Clause 8 amends section 20 of the Social Security Act 1986 so that a person is not entitled to family credit if he or any member of his family is entitled to a disability working allowance.

Clause 9 amends the Social Security Act 1975 and the Social Security Pensions Act 1975 to provide linking rules where, before taking up remunerative work and claiming a disability working allowance, a person was entitled to either an invalidity pension or a severe disablement allowance. If such a person is incapable of work on the first day after he stops work and that day falls not later than 2 years after the end of his final award of invalidity pension or severe disablement allowance, he will become eligible again for whichever of those benefits was previously in payment, without having to serve the normal qualifying period.

Clause 10 and Schedule 4 provide for repeals.

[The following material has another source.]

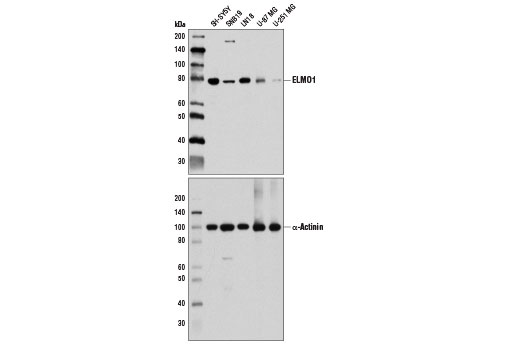 Валидация AssayVector ARM1441(1278)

Clause 11 provides power to make consequential provision and savings by regulations.

Clause 12 contains provision about the making of regulations.

Clause 13 provides that an Order in Council under the Northern Ireland Act 1974 only for purposes corresponding to those of the Bill will be subject to negative resolution procedure.

Clause 14 provides for administrative expenses attributable to the introduction of disability living allowance and disability working allowance to be met out of Votes.

Clause 15 provides for the Bill’s short title, commencement and extent.

Financial effects of the Bill

The introduction of disability living allowance will increase expenditure out of Votes on benefit costs by about £120m in 1992/3, rising to about £240m by 1993/4. There will also be a longterm increase in administration costs of around £20m a year to be met from Votes.

Schedule 2 is likely to reduce tax revenue by around £10m a year but this is expected to be more than offset by additional income tax receipts of around £20m a year as a result of increased employment due to the introduction of disability working allowance.

The introduction of disability working allowance will be broadly neutral in expenditure terms: the gross cost of around £85m by 1993/4 will be offset by a reduction in payments of other benefits. A large proportion of this reduction will be in payments from the National Insurance Fund.

Effects of the Bill on public service manpower

The provisional assessment is that there will be a requirement for a net increase of about 900 permanent staff in the Department of Social Security as a result of introducing disability living allowance and a further 200 staff as a result of introducing disability working allowance.